You are viewing a plain text version of this content. The canonical link for it is here.
Posted to issues@spark.apache.org by "Dhruve Ashar (JIRA)" <ji...@apache.org> on 2019/01/31 17:23:00 UTC
[jira] [Created] (SPARK-26801) Spark unable to read valid avro
types
Dhruve Ashar created SPARK-26801:
------------------------------------
Summary: Spark unable to read valid avro types
Key: SPARK-26801
URL: https://issues.apache.org/jira/browse/SPARK-26801
Project: Spark
Issue Type: Bug
Components: SQL
Affects Versions: 2.4.0
Reporter: Dhruve Ashar
Currently the external avro package reads avro schemasĀ for type records only. This is probably because of representation of InternalRow in spark sql. As a result, if the avro file has anything other than a sequence of records it fails to read it.

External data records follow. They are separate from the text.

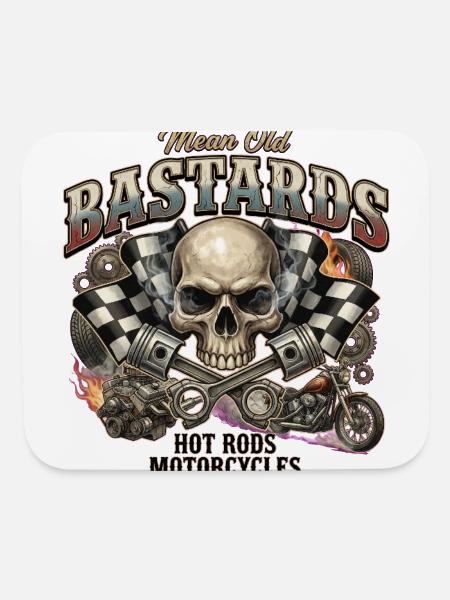 Mean Old Bastards Hot Rods - Mouse pad Horizontal - white - Front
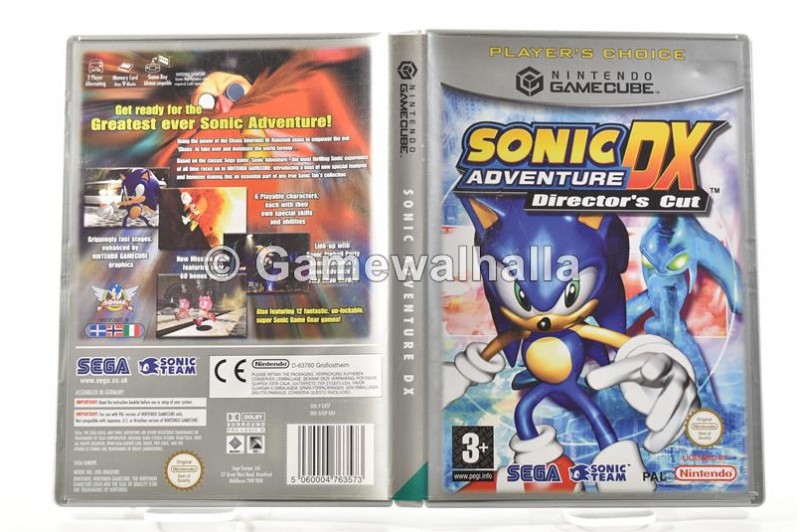 Sonic Adventure DX Director's Cut (Player's Choice) - Gamecube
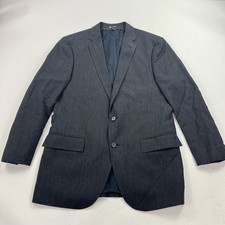 J Crew Charcoal Gray Wool Linen Blazer Sport Coat Jacket Size 40R NICE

We faced this issue earlier while trying to read primitive types. We encountered this again while trying to read an array of records. Below are code examples trying to read valid avro data showing the stack traces.
{code:java}
spark.read.format("avro").load("avroTypes/randomInt.avro").show
java.lang.RuntimeException: Avro schema cannot be converted to a Spark SQL StructType:
"int"
at org.apache.spark.sql.avro.AvroFileFormat.inferSchema(AvroFileFormat.scala:95)

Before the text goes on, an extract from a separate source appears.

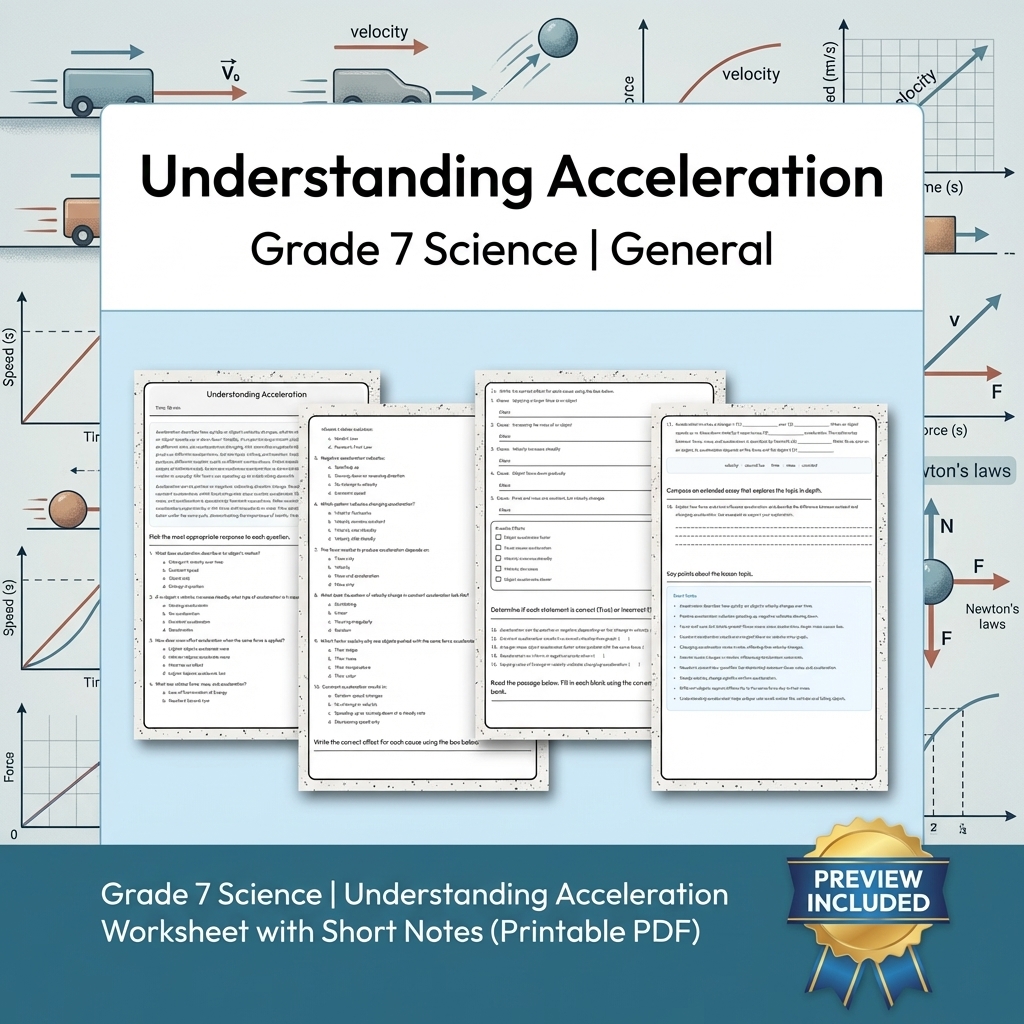 Grade 7 Science Data, Models, and Systems Full-Year Bundle | General Framework — included worksheet 26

at org.apache.spark.sql.execution.datasources.DataSource$$anonfun$6.apply(DataSource.scala:180)
at org.apache.spark.sql.execution.datasources.DataSource$$anonfun$6.apply(DataSource.scala:180)
at scala.Option.orElse(Option.scala:289)
at org.apache.spark.sql.execution.datasources.DataSource.getOrInferFileFormatSchema(DataSource.scala:179)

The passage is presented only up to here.